Sometimes it is claimed that an advantage of formal specification is its relative completeness with respect to reality [14], but exactly the opposite is the case. Aspects which may be important are necessarily omitted to make the specification tractable [20], or may be omitted unwittingly, even in simple cases [18]. Especially in (but not exclusively to) HCI, some of these aspects are even practically unspecifiable. Examples are the general context in which a system is used, and unanticipated user behaviour with a new system, evoked by unanticipated user knowledge and expectations. This means that, in general, some unspecified aspects remain that can only be examined by trial and error. In the case of HCI, this may also require repeated communication with the users. As a complement to developing by means of specifications, HCI often uses example-based techniques, such as mock-ups, scenarios, and prototypes. These are then considered by the developer(s) in detail, or shown to the end users [33]. However, example-based techniques may also lead to underemphasis of those aspects that can not be derived from a number of examples only, and should in turn be complemented with precise descriptions [3].

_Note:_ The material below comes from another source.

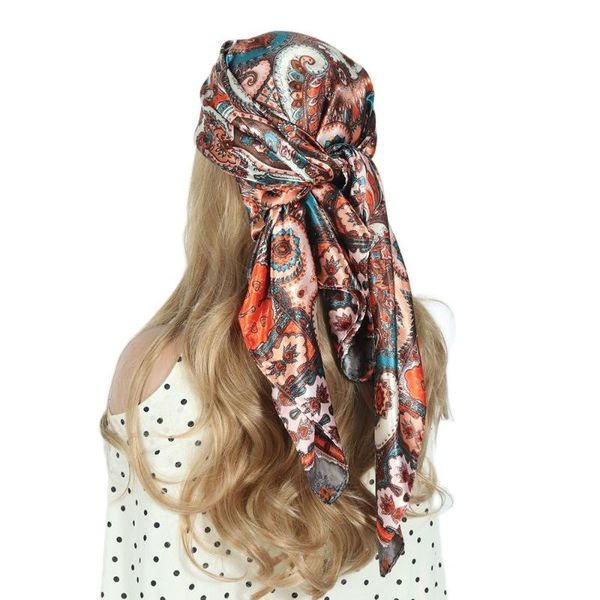 

scarves silk head scarf women hijab satin hair fashion paisley print 90x90cm square shawls headscarf foulard cheveux, Blue;gray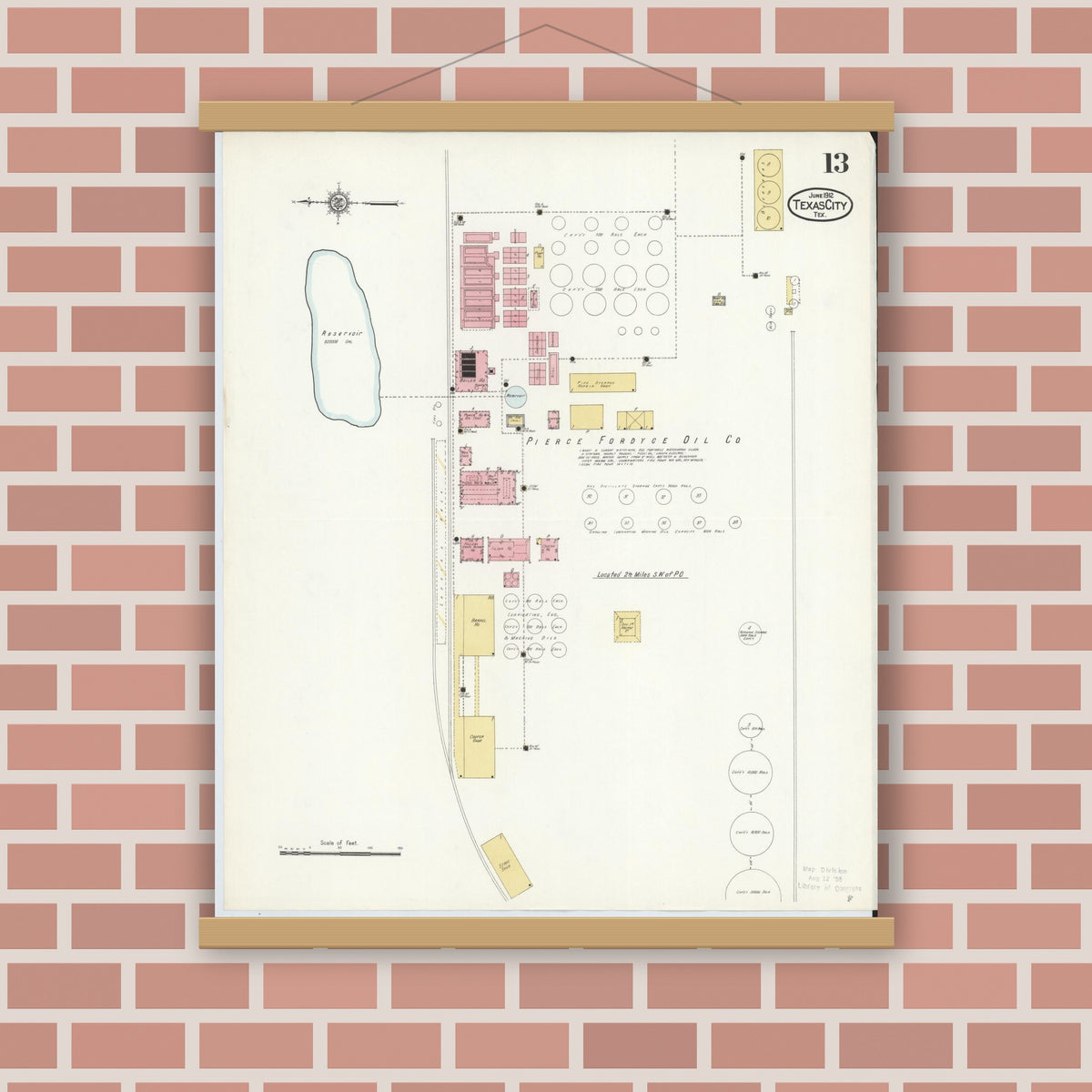 Old map wall art mockup — magnetic wood frame on brick wall — Sanborn Fire Insurance Map from Texas City, Galveston County, Texas (1912), Sheet #0013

Next to this, the enforcement of precision is often seen as a drawback rather than an advantage. This may be caused by an inappropriate level of abstraction, but also by incompatibility of the specification with the developers' needs. It is important that the specification should be usable as the primary memory aid in various stages of the development process by various parties (display-based reasoning) [12]. Therefore, it should also conform to the nature of the design tasks, otherwise the specification may become a burden rather than an aid. In order to ensure that a method is useful as a thinking aid, we will have to look at what the different parties involved in the design of interactive systems need.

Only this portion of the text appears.